__Information supplied__
----------

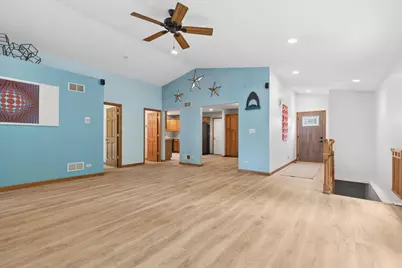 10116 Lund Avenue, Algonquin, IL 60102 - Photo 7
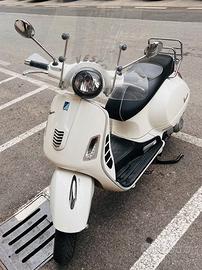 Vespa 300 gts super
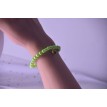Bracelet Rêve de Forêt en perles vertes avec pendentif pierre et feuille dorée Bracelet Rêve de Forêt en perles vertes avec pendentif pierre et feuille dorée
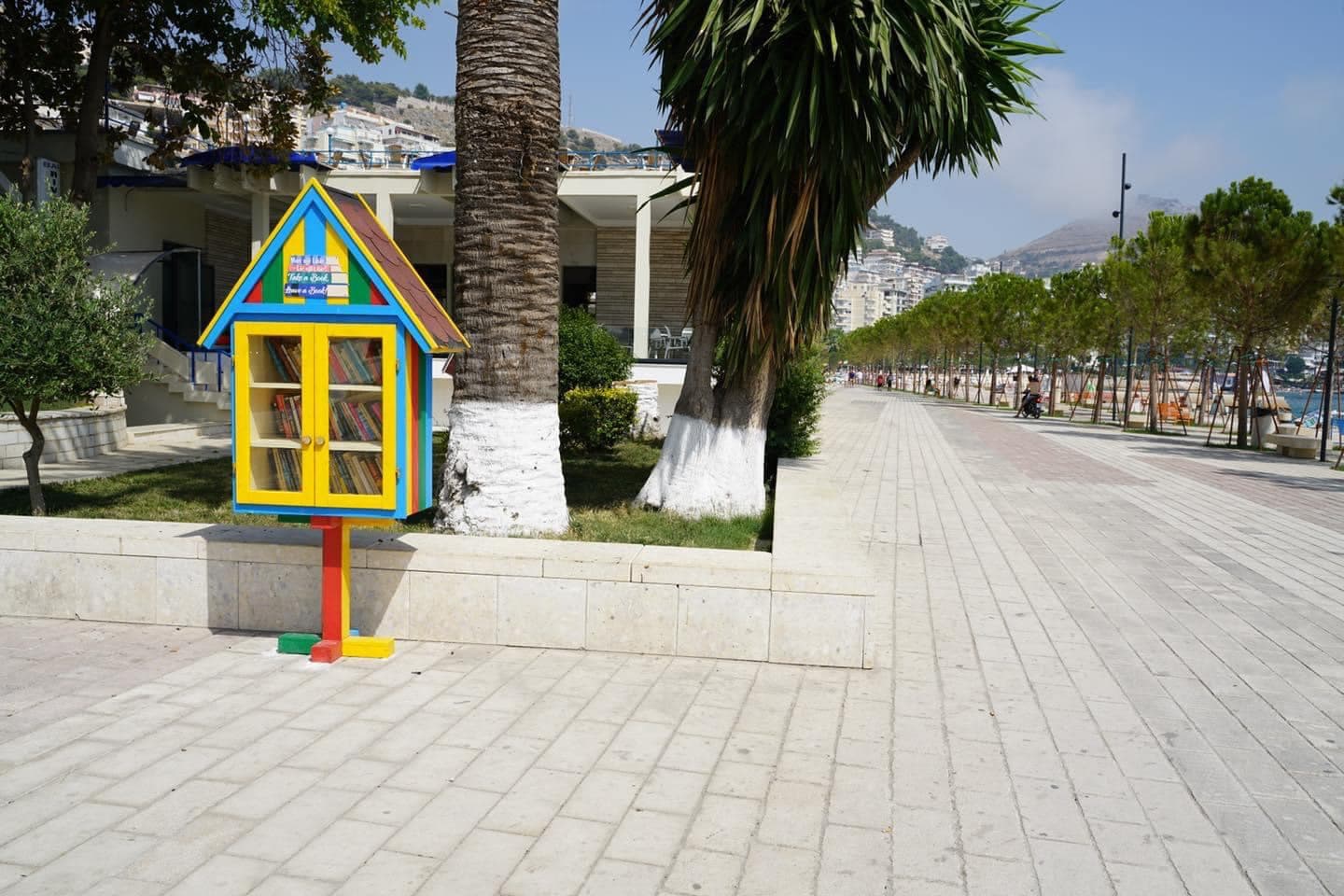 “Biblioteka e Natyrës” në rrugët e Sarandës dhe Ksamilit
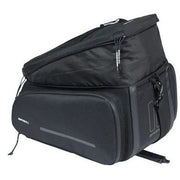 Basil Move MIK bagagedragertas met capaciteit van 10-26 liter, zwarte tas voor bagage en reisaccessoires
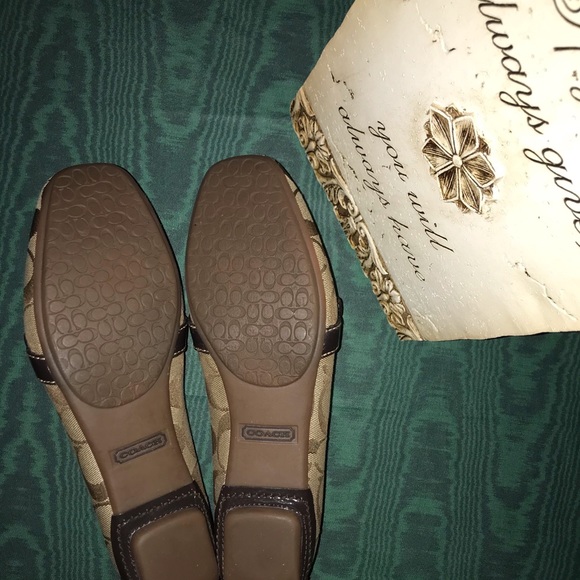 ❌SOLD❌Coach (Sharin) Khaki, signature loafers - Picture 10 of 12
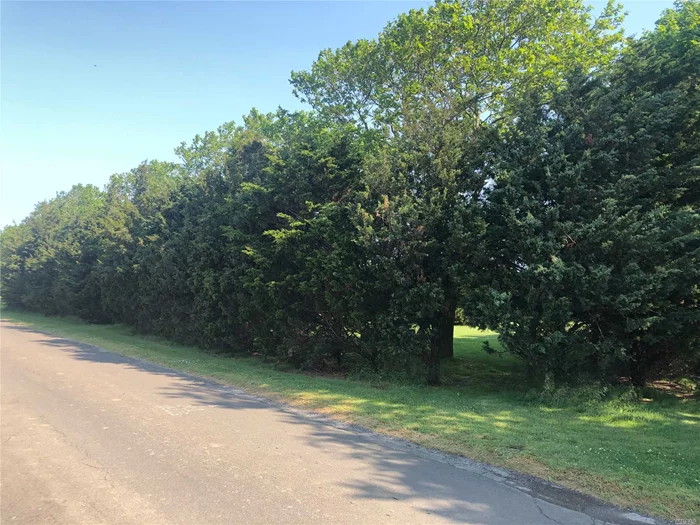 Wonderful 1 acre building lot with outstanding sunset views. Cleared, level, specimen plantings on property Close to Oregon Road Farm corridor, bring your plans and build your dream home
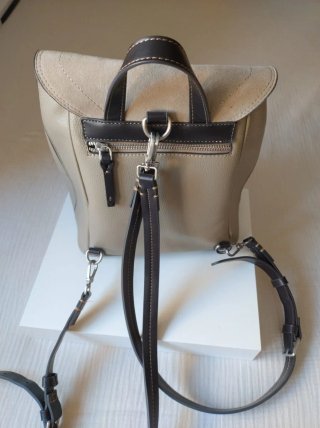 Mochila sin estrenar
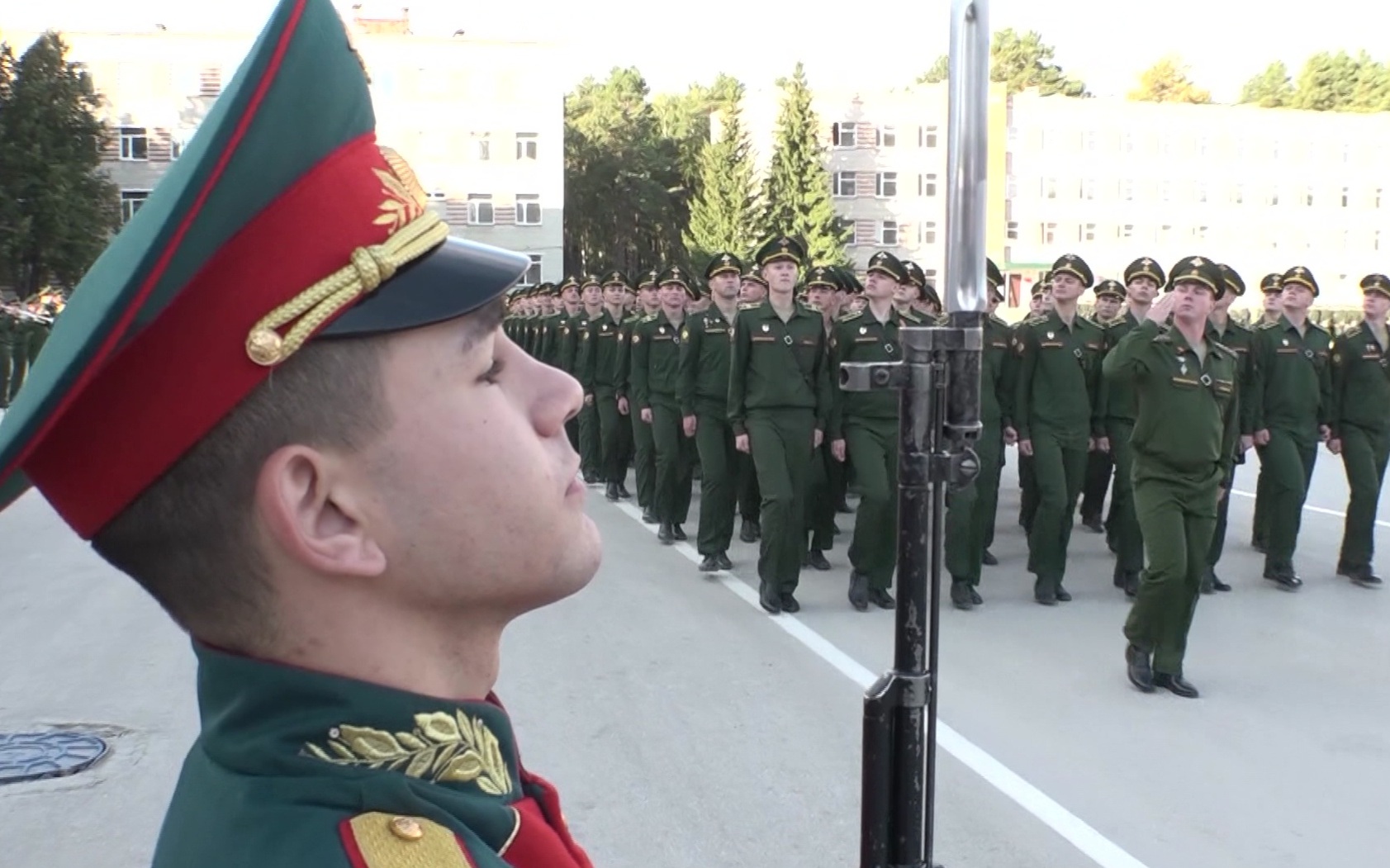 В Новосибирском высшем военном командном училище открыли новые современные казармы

----------

All lines from the one containing "Wonderful 1 acre" through the final line of the entries above are to be copied exactly; the pictures are not.

 Wonderful 1 acre building lot with outstanding sunset views. Cleared, level, specimen plantings on property Close to Oregon Road Farm corridor, bring your plans and build your dream home
 Mochila sin estrenar
 В Новосибирском высшем военном командном училище открыли новые современные казармы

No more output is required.